Poincaré inequality for $H^2(\Omega)$-functions

Question

I am wondering if given a bounded open subset of $\mathbb{R}^2$ with Lipschitz boundary, then there exists $C>0$ such that, for every $u\in H^2(\Omega)$, $$ \|u\|_{H^2(\Omega)}\le C \left(\|D^2u\|_{L^2(\Omega)}+\|\frac{\partial u}{\partial n}\|_{L^2(\partial\Omega)}+\|u\|_{L^2(\partial\Omega)}\right). $$

Answer 1

Only the inequality $$ \|u\|_{H^1} \le C (\|D^2u\|_{L^2} + \|u\|_{L^2}) \ \forall u\in H^2 $$ has to be proven, as the first-order terms are the only terms of the $H^2$ norm that are missing on the right-hand side.

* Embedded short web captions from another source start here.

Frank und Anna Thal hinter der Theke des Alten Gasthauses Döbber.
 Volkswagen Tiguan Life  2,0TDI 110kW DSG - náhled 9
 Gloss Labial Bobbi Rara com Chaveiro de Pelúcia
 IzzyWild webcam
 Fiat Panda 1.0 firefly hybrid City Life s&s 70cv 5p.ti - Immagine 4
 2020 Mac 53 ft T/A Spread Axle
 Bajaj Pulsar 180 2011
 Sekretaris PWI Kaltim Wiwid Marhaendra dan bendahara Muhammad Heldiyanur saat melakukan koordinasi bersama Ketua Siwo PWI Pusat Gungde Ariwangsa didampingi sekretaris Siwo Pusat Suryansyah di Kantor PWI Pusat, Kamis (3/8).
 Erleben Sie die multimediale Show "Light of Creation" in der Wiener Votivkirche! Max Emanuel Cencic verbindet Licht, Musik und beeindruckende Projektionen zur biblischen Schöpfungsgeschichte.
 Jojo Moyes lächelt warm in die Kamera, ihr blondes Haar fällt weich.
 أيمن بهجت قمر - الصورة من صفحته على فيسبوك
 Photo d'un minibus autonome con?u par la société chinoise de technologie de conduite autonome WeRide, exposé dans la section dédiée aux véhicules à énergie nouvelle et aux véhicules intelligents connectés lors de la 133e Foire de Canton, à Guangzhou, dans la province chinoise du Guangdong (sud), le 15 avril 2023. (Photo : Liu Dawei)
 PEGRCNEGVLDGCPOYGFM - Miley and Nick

You can argue by contradiction: assume there is no such $C$, then there is a sequence $(u_k)$ such that $$ \|u_k\|_{H^1} > k (\|D^2u_k\|_{L^2} + \|u_k\|_{L^2}). $$ Obviously, we can choose $u_k$ such that $\|u_k\|_{H^1}=1$. Then the inequality above implies that $(u_k)$ is bounded in $H^2$. Then after extracting a subsequence, $u_k\rightharpoonup u$ in $H^2$ and $u_k\to u$ in $H^1$ (by compact embeddings).

Since $\|u_k\|_{L^2}\to 0$ by the construction of $u_k$, it follows $u=0$. This is a contradiction to $u_k\to u$ in $H^1$ and $\|u_k\|_{H^1}=1$.